Post#149 » by Owly » Sat Aug 5, 2023 9:28 pm

OhayoKD wrote:
eminence wrote:
‘79 Celtics must’ve been a quality D with two defenders better than early career Bird.

You’ll be happy to hear I also give ‘01 Kobe MVP level flowers.

And I guess Bird forgot how to play defense the next two years since they got worse after adding parish and mchale(and would stay worse until walton arrived)

Kobe actually had to play really well to earn those flowers. Where exactly did Bird's one-off 5-point defensive impact come from?

This is technically incorrect, I think, at least by the most common measure and arguably potentially misleading.

Technically incorrect in that the '82 team with a -3.4 relDrtg matches that of '80 and thus is not "worse".

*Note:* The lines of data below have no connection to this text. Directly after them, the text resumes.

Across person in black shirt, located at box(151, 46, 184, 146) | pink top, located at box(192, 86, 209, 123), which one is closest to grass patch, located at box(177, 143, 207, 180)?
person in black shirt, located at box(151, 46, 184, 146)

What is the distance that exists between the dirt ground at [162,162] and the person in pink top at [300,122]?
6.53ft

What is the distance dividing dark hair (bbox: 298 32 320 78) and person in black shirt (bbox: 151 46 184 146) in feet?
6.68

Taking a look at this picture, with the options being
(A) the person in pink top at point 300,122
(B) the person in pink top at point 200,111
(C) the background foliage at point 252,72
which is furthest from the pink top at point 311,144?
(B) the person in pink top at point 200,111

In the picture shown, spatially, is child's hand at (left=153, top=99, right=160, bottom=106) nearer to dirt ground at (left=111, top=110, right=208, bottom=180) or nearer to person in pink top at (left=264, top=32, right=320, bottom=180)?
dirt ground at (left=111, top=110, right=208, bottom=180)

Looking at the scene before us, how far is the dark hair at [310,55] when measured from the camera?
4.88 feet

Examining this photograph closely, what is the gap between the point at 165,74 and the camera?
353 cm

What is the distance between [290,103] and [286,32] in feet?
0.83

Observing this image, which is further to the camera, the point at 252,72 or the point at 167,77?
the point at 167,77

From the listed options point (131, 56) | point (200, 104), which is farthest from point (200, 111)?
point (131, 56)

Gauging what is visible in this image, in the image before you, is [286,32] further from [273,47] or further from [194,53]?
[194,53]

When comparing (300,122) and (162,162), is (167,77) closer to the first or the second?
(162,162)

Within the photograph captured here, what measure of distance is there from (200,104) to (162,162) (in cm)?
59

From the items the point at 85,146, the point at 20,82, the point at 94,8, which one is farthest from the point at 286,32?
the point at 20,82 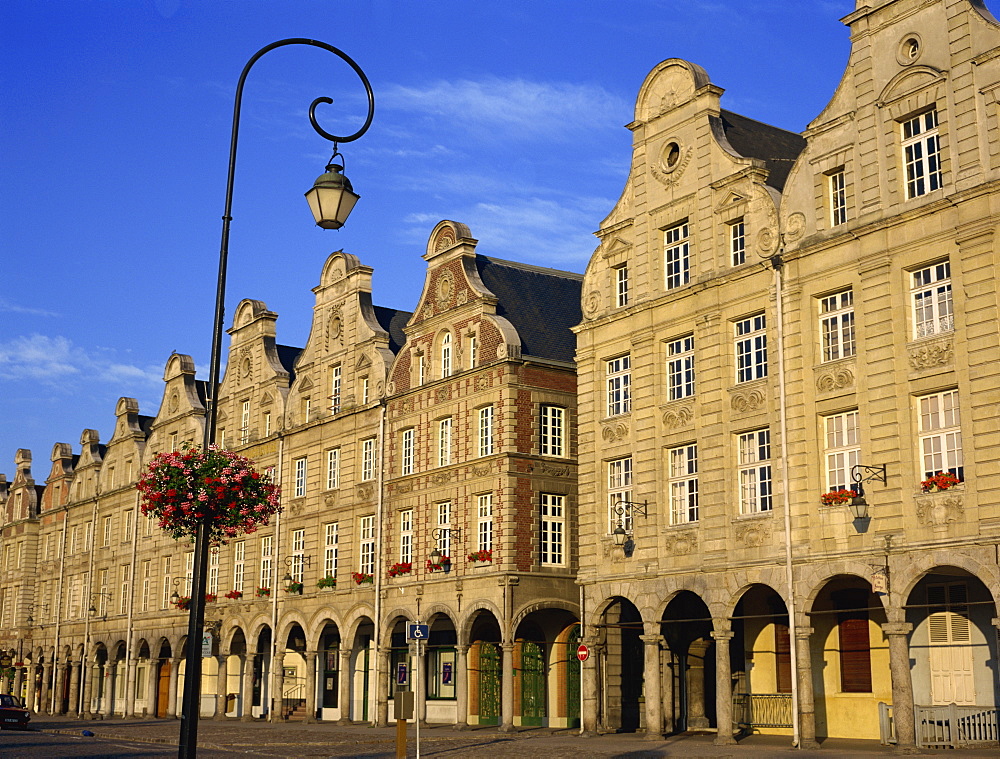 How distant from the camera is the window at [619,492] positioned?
3325cm

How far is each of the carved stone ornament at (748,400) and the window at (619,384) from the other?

More broadly whilst the other following years are closer to average it goes -2.9, -3.4, -2.9, -3.2 before dropping to -1.5 in '85. Thus for the following 4 years the defense the defense is steadily at around the same level. It is technically worse, but at an average difference of 0.3 - the sort of difference I imagine free throw defense (granting raw comparison of opp ft% ignores use of cynical/strategic fouling, which is more likely though not exclusive to weaker shooters - fwiw [and granting difference from league average may be more significant] after 17th (of 22, rest are of 23 so the same number would be slightly further from the bottom in later years), they go 23, 17, 21, 22. It is higher in raw terms in '80 than most of the following years but the league average dropped from .764 to .751, .746, .740 finally bouncing back to .760 - or marginal players or garbage time could make that sort of difference more than any meaningful change in the team's defense (never mind any one individual's contribution to it).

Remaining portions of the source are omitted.